§ Work required
The output should be the listing below, limited to the lines from the one with "A female model" through the one with "an old stone", exact and without pictures.
┌─ Listed entries
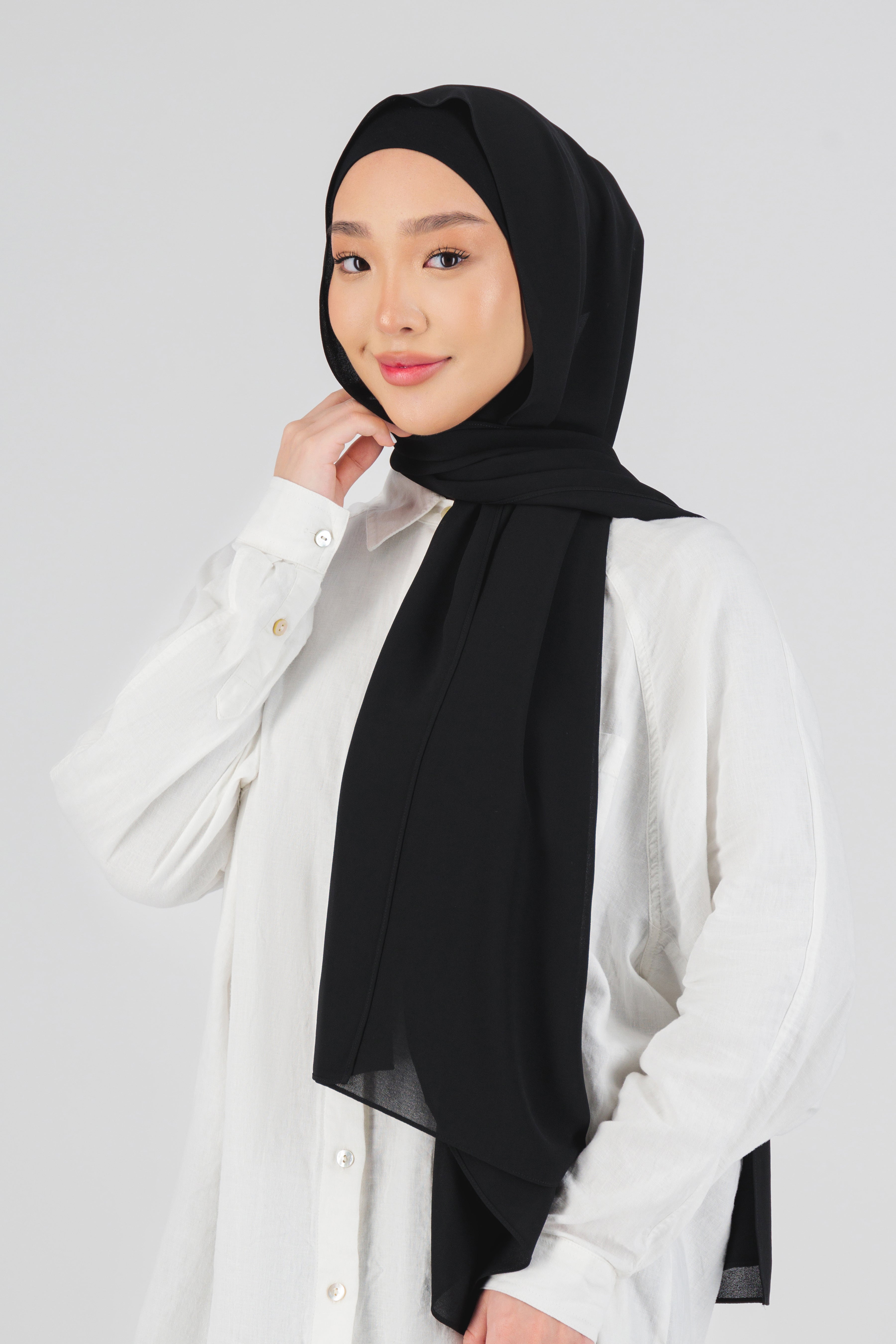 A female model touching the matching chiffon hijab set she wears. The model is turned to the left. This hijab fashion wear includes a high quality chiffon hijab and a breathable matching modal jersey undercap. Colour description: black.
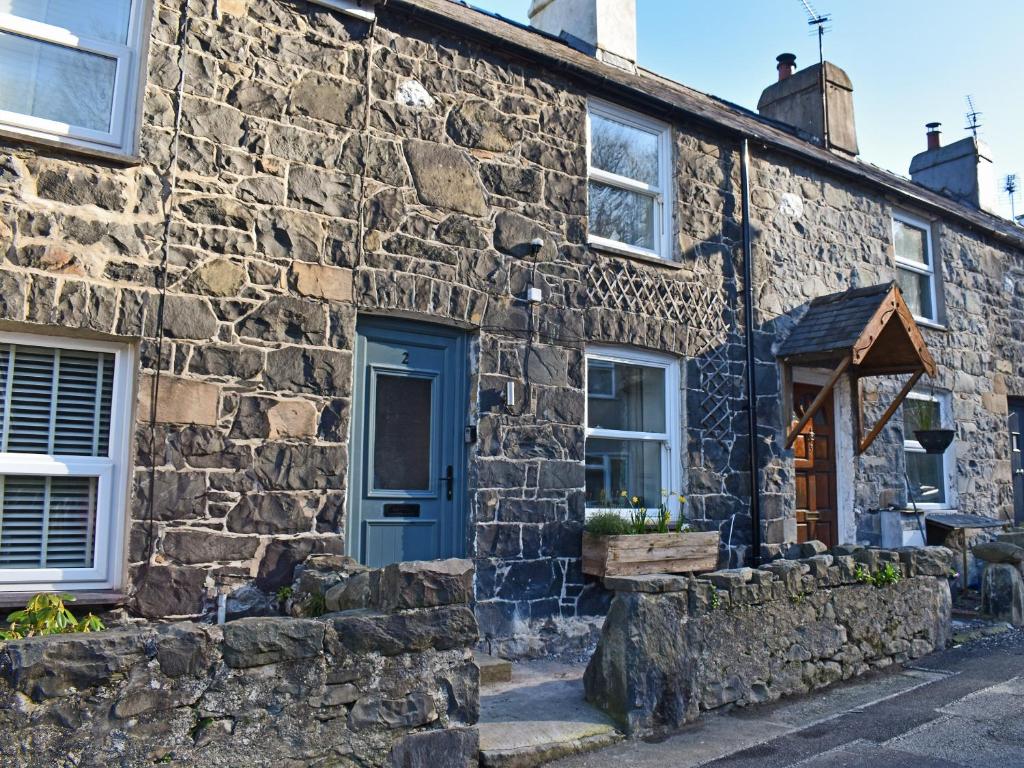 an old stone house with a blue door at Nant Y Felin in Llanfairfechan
└─
┌─ Listed entries
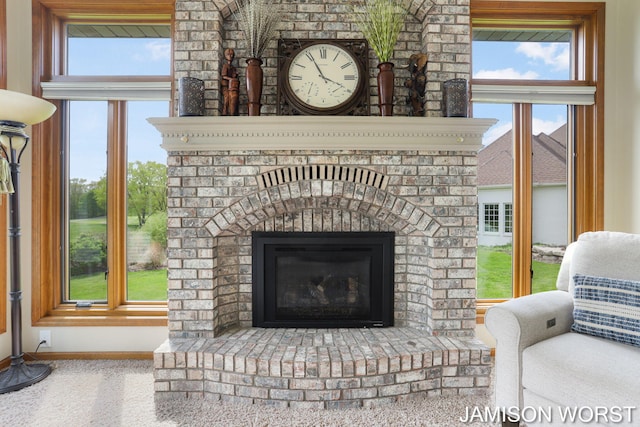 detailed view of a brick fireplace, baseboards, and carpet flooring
└─
┌─ Listed entries
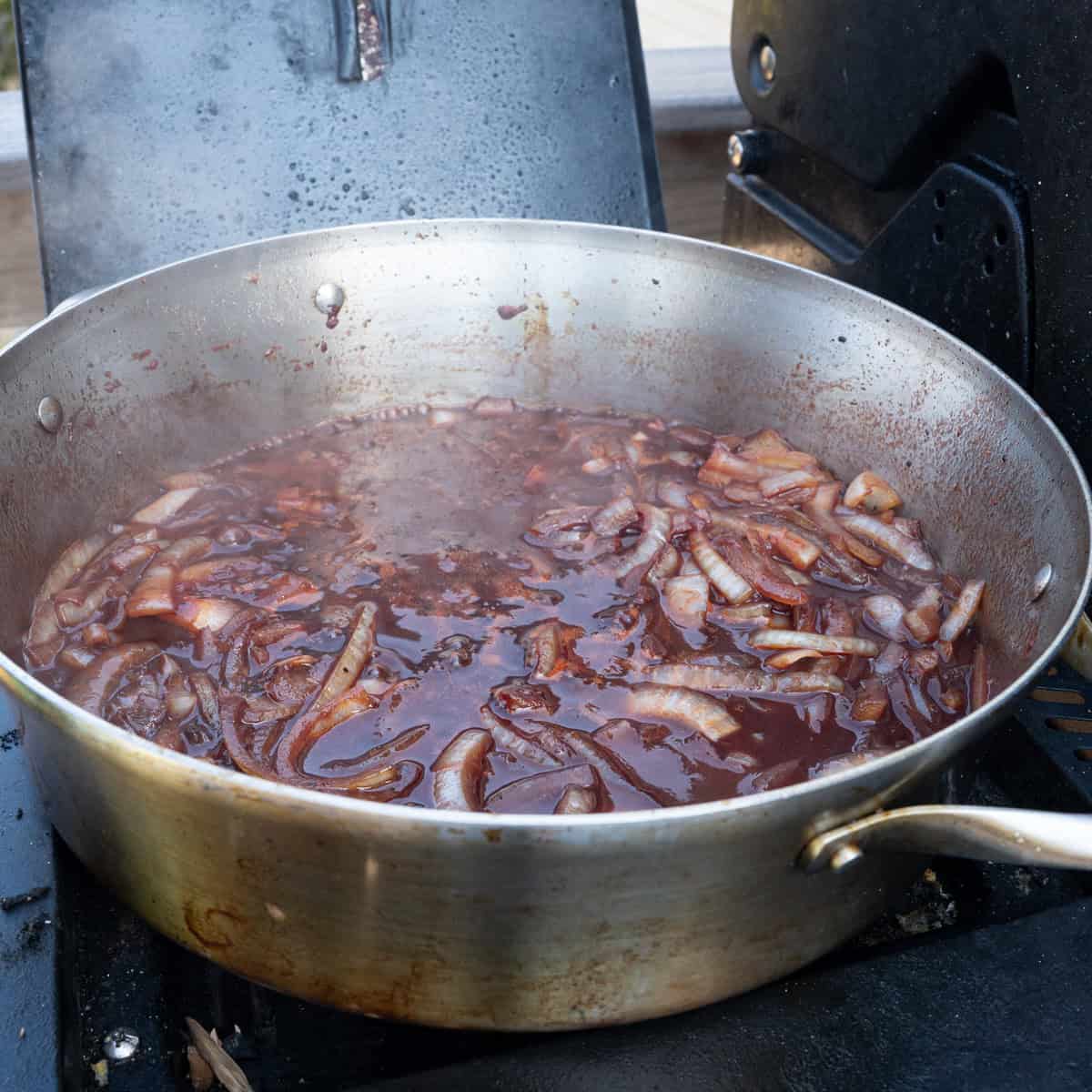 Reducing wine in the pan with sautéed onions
└─
§ Your response
 A female model touching the matching chiffon hijab set she wears. The model is turned to the left. This hijab fashion wear includes a high quality chiffon hijab and a breathable matching modal jersey undercap. Colour description: black.
 an old stone house with a blue door at Nant Y Felin in Llanfairfechan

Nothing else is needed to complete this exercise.